Writing a web crawler with Nim

Here’s how you can easily build a web crawler with Nim.

To see a full real example, you can review how I wrote Torrentinim, leave a star if you learn something from it! https://github.com/sergiotapia/torrentinim

Let’s create a simple type called Torrent to keep the data we crawl in a nice object.

import times

type
  Torrent* = object
    name*: string
    source*: string
    uploaded_at*: DateTime
    canonical_url*: string
    magnet_url*: string
    size*: string
    seeders*: int
    leechers*: int

proc newTorrent*(): Torrent =
  result = Torrent(uploaded_at: now())

We need to write a crawler, let’s build one that grabs the latest torrent uploads on eztv. This will download the XML feed of the latest torrents.

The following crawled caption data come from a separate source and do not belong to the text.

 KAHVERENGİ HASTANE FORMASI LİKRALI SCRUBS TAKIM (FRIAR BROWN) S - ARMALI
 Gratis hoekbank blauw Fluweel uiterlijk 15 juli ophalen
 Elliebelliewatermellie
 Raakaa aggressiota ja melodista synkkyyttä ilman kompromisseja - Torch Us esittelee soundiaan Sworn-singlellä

proc fetchXml(): Future[XmlNode] {.async} =
  let client = newAsyncHttpClient()
  let xml = await client.getContent("https://eztv.io/ezrss.xml")
  let xmlStream = newStringStream(xml)
  client.close()
  return parseXML(xmlStream)

Now we can parse that XML pretty easily.

proc fetchLatest*() {.async} =
  echo "[eztv] Starting EZTV crawl"

  var xmlRoot = await fetchXml()
  for item_node in xmlRoot.findAll("item"):
    var torrent: Torrent = newTorrent()
    torrent.name = item_node.child("title").innerText
    torrent.source = "eztv"
    torrent.canonical_url = item_node.child("link").innerText
    torrent.size = item_node.child("torrent:contentLength").innerText
    torrent.seeders = parseInt(item_node.child("torrent:seeds").innerText)
    torrent.leechers = parseInt(item_node.child("torrent:peers").innerText)
    for ic in item_node.child("torrent:magnetURI").items:
      torrent.magnet_url = ic.text
      
    echo "Torrent: {torrent}"  

Finally we need a way to start our crawler and periodically run it:

proc startCrawl*() {.async} =
  while true:
    try:
      await fetchLatest()
      await sleepAsync(30000)
    except:
      echo "[eztv] Crawler error, restarting..."

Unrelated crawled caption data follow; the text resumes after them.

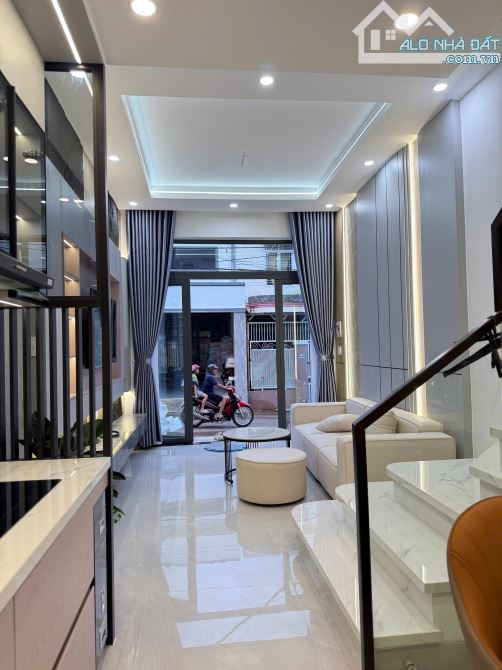 NHÀ MÊ FULL NỘI THẤT HẺM 39 ĐINH CÔNG TRÁNG: GIÁ 3.25 tỷ - 9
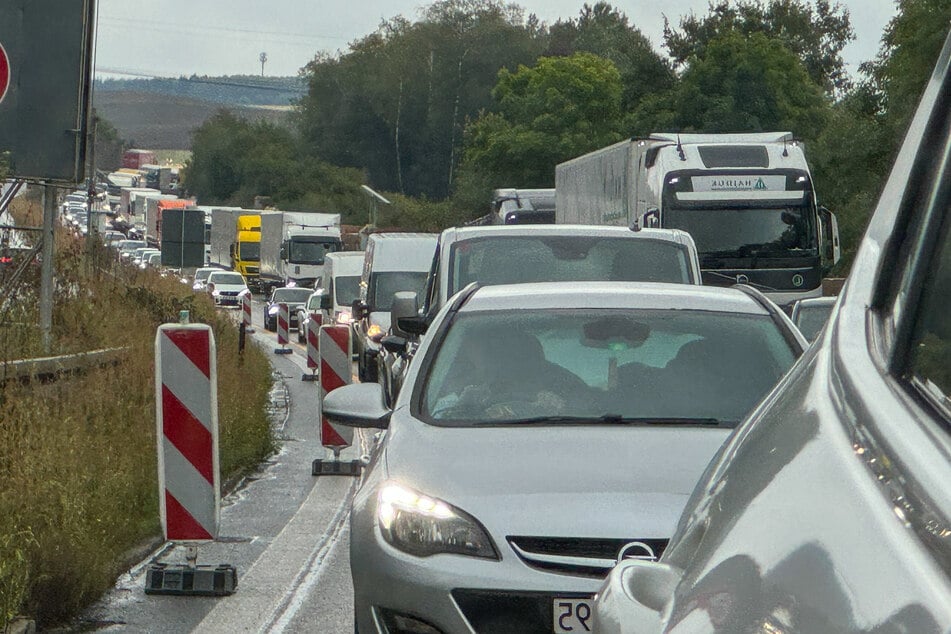 Kilometerlanger Stau auf der A72 bei Zwickau: In einem Baustellenbereich kollidierten zwei Fahrzeuge miteinander.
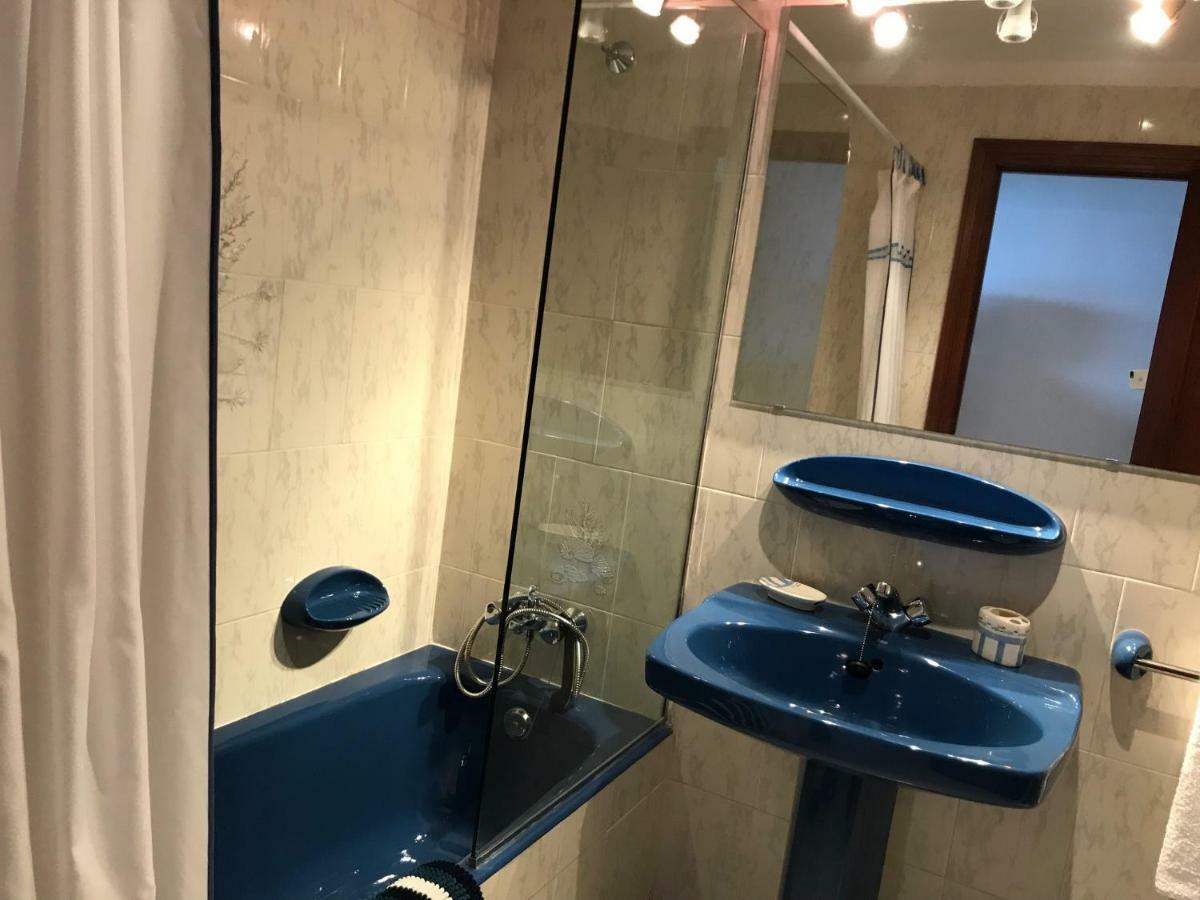 Golden Bay Apartman Roses Kültér fotó
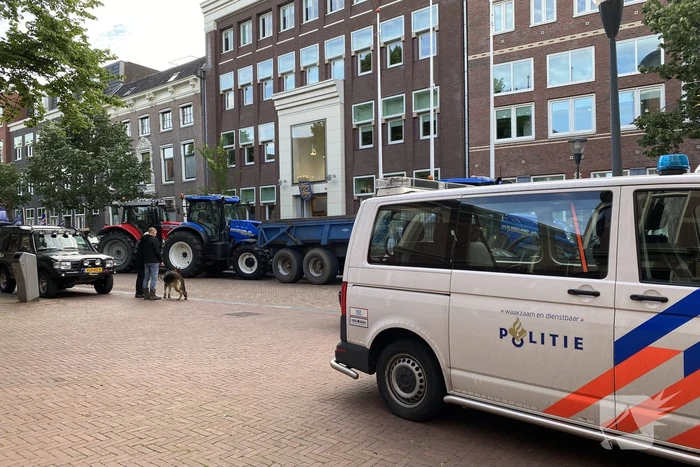 Boeren en vrachtwagenchauffeurs protesteren voor provinciehuis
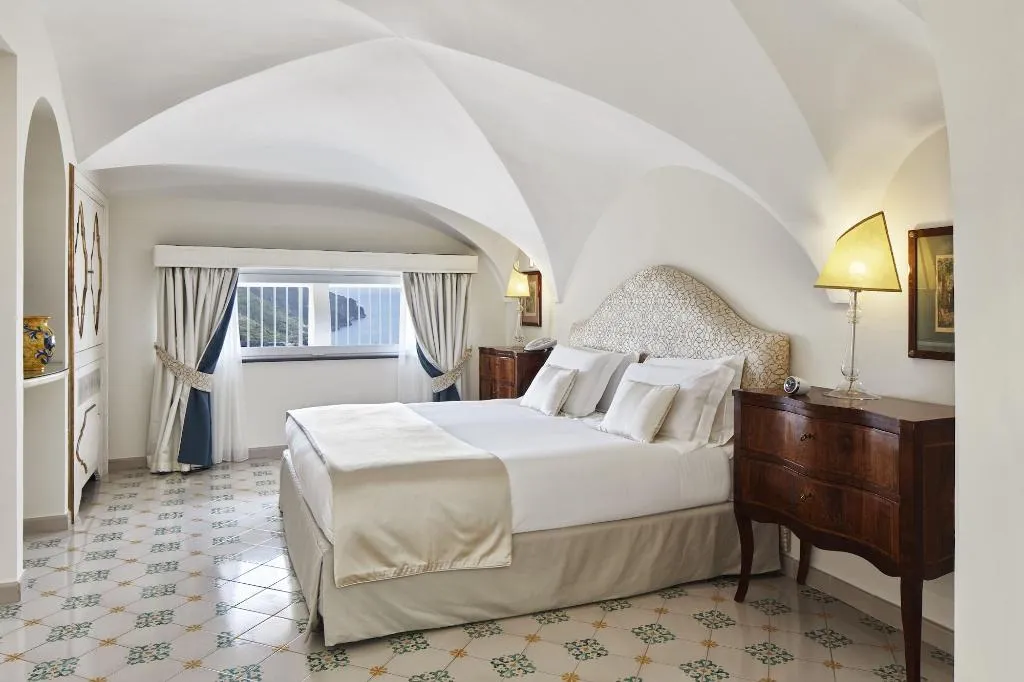Room, Palazzo Avino, Naples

Special notice: - The {.async} pragma. - The sleepAsync function call - The await

In our main module, we can start a simple Jester API, and keep our crawlers running indefinitely.

import htmlgen
import jester
import threadpool
import "database"
import "./helpers/datetime"
from "./crawlers/eztv" import nil
from "./crawlers/leetx.nim" import nil
from "./crawlers/nyaa.nim" import nil
from "./crawlers/nyaa_pantsu.nim" import nil
from "./crawlers/yts.nim" import nil
from "./crawlers/torrent_downloads.nim" import nil

when isMainModule:
  asyncCheck eztv.startCrawl()
  asyncCheck leetx.startCrawl()
  asyncCheck nyaa.startCrawl()
  asyncCheck nyaa_pantsu.startCrawl()
  asyncCheck yts.startCrawl()
  asyncCheck torrentdownloads.startCrawl()
  
  router apiRouter:
    get "/":
      resp "Jester is running!"

  let port = Port 5000
  var jesterServer = initJester(apiRouter, settings=newSettings(port=port))
  jesterServer.serve()

asyncCheck: https://nim-lang.org/docs/asyncfutures.html#asyncCheck%2CFuture[T]

Sets a callback on future which raises an exception if the future finished with an error. This should be used instead of discard to discard void futures, or use waitFor if you need to wait for the future’s completion.